* _Work order_
Restate word for word the lines in the listing below, starting at the line containing "Grafika 22: Spotkanie" and ending at the line containing "Item preview, Garland", both included; leave out the rest.

====

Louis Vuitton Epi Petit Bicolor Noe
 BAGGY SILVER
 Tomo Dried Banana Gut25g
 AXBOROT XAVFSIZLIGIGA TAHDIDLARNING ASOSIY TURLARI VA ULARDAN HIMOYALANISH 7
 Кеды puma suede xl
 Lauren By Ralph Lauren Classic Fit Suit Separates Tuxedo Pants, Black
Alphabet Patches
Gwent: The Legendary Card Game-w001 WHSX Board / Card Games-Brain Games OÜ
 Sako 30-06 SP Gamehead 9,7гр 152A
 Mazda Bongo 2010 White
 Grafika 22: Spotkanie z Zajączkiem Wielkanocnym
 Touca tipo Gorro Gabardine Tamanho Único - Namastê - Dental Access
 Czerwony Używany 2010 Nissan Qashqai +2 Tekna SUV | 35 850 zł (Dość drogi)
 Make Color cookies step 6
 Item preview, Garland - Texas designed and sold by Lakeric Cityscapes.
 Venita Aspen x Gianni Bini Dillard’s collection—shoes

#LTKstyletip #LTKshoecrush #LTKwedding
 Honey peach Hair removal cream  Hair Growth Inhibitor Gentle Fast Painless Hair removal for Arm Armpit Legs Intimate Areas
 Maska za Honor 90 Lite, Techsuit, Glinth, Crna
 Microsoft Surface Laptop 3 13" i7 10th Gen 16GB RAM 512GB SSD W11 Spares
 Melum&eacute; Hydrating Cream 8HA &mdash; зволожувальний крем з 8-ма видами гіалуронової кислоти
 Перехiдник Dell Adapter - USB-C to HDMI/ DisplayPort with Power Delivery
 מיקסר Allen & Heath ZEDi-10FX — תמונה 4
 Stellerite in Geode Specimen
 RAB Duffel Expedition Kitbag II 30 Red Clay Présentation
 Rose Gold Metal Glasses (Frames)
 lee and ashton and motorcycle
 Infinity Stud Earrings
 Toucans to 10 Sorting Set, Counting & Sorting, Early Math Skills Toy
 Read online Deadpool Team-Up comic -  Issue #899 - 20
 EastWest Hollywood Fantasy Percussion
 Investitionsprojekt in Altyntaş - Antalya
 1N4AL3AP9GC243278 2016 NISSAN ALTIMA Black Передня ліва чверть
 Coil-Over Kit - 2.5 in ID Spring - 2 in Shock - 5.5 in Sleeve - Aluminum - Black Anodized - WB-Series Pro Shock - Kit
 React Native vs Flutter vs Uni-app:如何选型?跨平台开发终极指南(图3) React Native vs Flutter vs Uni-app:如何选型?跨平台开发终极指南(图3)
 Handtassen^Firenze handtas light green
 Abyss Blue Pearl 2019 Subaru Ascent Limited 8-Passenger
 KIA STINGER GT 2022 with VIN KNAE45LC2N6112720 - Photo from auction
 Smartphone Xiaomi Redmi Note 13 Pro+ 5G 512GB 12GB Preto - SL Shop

====

* _Worked solution_
 Grafika 22: Spotkanie z Zajączkiem Wielkanocnym
 Touca tipo Gorro Gabardine Tamanho Único - Namastê - Dental Access
 Czerwony Używany 2010 Nissan Qashqai +2 Tekna SUV | 35 850 zł (Dość drogi)
 Make Color cookies step 6
 Item preview, Garland - Texas designed and sold by Lakeric Cityscapes.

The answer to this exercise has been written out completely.